Study material:
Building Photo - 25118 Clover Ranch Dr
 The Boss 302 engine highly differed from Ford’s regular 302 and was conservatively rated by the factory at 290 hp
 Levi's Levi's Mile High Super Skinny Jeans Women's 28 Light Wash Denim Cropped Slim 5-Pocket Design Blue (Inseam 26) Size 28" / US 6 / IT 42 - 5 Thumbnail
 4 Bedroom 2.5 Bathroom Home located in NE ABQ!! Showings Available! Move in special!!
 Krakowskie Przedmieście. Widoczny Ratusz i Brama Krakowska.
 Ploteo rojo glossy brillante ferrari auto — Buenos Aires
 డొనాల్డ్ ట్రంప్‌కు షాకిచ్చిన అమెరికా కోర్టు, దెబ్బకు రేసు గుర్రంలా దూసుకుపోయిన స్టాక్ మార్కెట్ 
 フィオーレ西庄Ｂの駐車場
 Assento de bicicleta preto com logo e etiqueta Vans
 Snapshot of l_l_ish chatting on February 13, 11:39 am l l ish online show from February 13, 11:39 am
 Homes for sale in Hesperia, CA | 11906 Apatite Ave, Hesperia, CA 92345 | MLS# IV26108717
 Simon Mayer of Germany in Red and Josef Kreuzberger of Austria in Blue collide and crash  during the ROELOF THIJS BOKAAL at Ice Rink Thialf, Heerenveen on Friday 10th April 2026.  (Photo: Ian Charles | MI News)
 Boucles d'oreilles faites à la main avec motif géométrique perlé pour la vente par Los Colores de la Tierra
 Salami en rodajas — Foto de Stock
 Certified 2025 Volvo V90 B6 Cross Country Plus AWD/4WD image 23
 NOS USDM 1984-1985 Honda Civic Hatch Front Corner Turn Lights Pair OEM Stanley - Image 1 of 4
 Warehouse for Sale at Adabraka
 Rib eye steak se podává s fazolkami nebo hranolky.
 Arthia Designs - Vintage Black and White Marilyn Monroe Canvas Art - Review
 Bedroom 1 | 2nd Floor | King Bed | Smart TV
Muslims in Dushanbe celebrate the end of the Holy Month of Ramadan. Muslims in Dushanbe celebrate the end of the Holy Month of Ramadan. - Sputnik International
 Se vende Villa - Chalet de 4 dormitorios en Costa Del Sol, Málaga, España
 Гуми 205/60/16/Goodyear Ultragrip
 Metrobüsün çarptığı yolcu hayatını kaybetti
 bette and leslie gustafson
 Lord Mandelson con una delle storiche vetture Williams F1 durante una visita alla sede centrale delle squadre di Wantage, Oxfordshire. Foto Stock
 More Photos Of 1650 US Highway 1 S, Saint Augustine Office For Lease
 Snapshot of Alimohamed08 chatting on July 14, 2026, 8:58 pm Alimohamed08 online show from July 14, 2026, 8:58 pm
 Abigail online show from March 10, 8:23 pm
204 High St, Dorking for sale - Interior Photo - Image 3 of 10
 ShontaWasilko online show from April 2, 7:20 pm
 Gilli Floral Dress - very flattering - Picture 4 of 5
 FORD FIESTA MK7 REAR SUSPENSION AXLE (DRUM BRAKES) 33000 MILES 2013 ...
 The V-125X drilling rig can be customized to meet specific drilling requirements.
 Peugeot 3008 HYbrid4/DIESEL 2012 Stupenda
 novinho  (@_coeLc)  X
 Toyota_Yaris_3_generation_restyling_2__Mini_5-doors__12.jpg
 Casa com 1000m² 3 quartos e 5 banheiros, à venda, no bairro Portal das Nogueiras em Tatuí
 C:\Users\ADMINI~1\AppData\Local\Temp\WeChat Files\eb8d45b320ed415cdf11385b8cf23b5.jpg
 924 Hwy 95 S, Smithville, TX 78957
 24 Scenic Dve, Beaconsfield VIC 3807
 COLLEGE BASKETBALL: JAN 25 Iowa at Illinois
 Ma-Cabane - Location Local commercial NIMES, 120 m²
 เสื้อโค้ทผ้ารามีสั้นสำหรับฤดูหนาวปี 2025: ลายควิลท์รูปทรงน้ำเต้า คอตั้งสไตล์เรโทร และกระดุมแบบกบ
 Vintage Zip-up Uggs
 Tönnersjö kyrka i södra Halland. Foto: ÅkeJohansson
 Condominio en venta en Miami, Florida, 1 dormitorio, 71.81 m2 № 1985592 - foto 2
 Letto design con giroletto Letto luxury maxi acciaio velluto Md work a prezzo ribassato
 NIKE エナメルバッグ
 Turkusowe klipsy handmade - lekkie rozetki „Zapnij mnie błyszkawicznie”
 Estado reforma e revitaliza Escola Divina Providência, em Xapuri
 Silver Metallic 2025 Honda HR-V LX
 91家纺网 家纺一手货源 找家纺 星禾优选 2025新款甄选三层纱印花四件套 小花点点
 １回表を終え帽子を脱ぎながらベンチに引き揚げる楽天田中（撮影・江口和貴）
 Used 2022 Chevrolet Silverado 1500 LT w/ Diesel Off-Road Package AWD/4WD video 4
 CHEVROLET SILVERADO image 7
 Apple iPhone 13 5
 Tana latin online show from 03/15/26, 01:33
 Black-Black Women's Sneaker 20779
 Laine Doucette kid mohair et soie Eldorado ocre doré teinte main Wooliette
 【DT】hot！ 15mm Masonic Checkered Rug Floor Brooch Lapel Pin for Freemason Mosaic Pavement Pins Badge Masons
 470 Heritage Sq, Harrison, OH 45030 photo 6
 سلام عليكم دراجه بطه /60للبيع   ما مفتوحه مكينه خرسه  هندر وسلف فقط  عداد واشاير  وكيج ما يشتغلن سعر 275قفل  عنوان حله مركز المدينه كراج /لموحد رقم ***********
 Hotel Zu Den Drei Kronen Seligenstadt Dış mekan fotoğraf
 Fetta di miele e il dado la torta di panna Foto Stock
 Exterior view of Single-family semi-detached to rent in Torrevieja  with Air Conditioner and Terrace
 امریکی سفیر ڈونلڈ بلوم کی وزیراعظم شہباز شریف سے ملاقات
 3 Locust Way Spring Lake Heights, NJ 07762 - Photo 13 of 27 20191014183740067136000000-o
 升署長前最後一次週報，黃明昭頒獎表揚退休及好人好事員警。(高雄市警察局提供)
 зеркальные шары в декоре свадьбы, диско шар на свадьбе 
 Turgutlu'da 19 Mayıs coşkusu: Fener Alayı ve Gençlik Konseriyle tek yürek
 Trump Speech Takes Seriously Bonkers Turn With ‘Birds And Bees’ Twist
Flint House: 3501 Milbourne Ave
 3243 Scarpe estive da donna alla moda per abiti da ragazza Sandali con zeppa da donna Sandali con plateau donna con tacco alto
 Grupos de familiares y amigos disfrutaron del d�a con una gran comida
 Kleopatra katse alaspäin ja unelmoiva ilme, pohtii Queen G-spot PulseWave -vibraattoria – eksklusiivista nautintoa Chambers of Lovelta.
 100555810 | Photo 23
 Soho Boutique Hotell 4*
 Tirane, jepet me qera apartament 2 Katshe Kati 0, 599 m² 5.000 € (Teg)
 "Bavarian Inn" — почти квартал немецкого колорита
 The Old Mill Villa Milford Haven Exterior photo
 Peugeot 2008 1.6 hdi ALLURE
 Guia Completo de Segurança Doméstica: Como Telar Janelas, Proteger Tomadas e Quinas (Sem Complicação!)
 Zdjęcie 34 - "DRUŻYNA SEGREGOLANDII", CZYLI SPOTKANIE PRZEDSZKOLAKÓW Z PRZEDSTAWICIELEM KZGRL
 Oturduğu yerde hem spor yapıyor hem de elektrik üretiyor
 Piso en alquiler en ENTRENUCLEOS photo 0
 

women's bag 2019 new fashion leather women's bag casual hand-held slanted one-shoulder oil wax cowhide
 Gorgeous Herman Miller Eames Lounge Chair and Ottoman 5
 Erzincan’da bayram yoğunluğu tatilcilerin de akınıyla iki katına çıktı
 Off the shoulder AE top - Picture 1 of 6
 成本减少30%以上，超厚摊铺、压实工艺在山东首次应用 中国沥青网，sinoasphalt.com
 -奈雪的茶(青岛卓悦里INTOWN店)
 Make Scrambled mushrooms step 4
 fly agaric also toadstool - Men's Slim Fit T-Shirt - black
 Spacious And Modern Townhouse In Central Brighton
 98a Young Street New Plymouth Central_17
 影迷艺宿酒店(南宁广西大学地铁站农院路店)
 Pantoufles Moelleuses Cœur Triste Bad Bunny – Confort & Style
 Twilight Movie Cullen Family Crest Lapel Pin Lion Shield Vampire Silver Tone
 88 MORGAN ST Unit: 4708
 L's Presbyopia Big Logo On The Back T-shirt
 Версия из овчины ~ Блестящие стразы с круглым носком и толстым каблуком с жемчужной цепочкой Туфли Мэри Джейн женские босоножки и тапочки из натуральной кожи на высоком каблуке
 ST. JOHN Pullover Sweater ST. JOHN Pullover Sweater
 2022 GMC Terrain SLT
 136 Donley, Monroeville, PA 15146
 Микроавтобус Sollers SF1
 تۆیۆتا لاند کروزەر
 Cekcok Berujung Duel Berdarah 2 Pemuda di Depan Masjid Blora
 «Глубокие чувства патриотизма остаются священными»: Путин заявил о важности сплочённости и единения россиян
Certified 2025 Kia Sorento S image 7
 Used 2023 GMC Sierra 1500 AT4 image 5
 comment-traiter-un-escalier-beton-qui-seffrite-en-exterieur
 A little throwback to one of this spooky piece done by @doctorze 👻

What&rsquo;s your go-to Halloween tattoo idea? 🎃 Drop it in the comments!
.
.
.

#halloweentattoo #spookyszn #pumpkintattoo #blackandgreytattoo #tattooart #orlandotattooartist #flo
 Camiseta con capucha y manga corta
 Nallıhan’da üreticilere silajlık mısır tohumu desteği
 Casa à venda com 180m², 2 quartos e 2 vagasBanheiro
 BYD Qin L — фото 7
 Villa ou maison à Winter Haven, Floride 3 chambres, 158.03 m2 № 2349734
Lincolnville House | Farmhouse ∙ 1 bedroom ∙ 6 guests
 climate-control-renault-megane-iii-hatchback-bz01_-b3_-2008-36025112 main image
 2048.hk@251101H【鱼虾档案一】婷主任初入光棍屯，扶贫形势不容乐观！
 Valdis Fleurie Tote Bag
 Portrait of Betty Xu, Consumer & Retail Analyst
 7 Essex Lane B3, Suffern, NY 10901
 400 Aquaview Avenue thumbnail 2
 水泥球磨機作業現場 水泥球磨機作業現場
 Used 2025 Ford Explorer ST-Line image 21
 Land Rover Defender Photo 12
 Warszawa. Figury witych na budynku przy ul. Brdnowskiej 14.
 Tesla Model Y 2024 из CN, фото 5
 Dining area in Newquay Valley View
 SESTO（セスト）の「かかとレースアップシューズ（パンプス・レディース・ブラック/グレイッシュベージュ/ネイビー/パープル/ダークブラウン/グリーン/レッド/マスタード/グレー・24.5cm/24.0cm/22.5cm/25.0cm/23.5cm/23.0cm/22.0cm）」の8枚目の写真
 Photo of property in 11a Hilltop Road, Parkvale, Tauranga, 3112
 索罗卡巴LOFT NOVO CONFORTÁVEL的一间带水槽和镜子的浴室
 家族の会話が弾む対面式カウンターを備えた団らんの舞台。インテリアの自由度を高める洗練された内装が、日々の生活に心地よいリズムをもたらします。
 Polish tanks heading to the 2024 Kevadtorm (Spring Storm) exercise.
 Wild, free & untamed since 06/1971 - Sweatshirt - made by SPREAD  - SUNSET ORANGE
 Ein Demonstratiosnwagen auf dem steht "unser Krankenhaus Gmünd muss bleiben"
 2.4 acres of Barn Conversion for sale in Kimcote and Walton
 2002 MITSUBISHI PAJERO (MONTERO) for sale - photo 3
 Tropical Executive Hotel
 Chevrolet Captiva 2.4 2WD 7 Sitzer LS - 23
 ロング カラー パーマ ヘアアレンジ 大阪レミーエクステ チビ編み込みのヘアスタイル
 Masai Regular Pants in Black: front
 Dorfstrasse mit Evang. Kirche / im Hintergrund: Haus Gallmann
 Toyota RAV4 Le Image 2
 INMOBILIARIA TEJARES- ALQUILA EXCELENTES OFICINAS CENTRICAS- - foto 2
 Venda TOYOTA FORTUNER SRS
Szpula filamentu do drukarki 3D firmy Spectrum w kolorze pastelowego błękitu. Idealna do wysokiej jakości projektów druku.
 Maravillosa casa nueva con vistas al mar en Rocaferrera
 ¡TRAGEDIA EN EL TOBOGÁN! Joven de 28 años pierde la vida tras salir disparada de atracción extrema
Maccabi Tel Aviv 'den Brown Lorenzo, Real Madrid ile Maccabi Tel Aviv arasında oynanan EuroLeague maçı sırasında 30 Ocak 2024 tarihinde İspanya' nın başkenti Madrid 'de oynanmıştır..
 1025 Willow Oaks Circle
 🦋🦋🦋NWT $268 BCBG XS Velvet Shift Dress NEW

Exercise requirements:
Above are the records; from them, give again exactly the lines from the one containing "Гуми 205/60/16/Goodyear Ultragrip" to the one containing "Vintage Zip-up Uggs", both lines included, and nothing more.

Response:
 Гуми 205/60/16/Goodyear Ultragrip
 Metrobüsün çarptığı yolcu hayatını kaybetti
 bette and leslie gustafson
 Lord Mandelson con una delle storiche vetture Williams F1 durante una visita alla sede centrale delle squadre di Wantage, Oxfordshire. Foto Stock
 More Photos Of 1650 US Highway 1 S, Saint Augustine Office For Lease
 Snapshot of Alimohamed08 chatting on July 14, 2026, 8:58 pm Alimohamed08 online show from July 14, 2026, 8:58 pm
 Abigail online show from March 10, 8:23 pm
204 High St, Dorking for sale - Interior Photo - Image 3 of 10
 ShontaWasilko online show from April 2, 7:20 pm
 Gilli Floral Dress - very flattering - Picture 4 of 5
 FORD FIESTA MK7 REAR SUSPENSION AXLE (DRUM BRAKES) 33000 MILES 2013 ...
 The V-125X drilling rig can be customized to meet specific drilling requirements.
 Peugeot 3008 HYbrid4/DIESEL 2012 Stupenda
 novinho  (@_coeLc)  X
 Toyota_Yaris_3_generation_restyling_2__Mini_5-doors__12.jpg
 Casa com 1000m² 3 quartos e 5 banheiros, à venda, no bairro Portal das Nogueiras em Tatuí
 C:\Users\ADMINI~1\AppData\Local\Temp\WeChat Files\eb8d45b320ed415cdf11385b8cf23b5.jpg
 924 Hwy 95 S, Smithville, TX 78957
 24 Scenic Dve, Beaconsfield VIC 3807
 COLLEGE BASKETBALL: JAN 25 Iowa at Illinois
 Ma-Cabane - Location Local commercial NIMES, 120 m²
 เสื้อโค้ทผ้ารามีสั้นสำหรับฤดูหนาวปี 2025: ลายควิลท์รูปทรงน้ำเต้า คอตั้งสไตล์เรโทร และกระดุมแบบกบ
 Vintage Zip-up Uggs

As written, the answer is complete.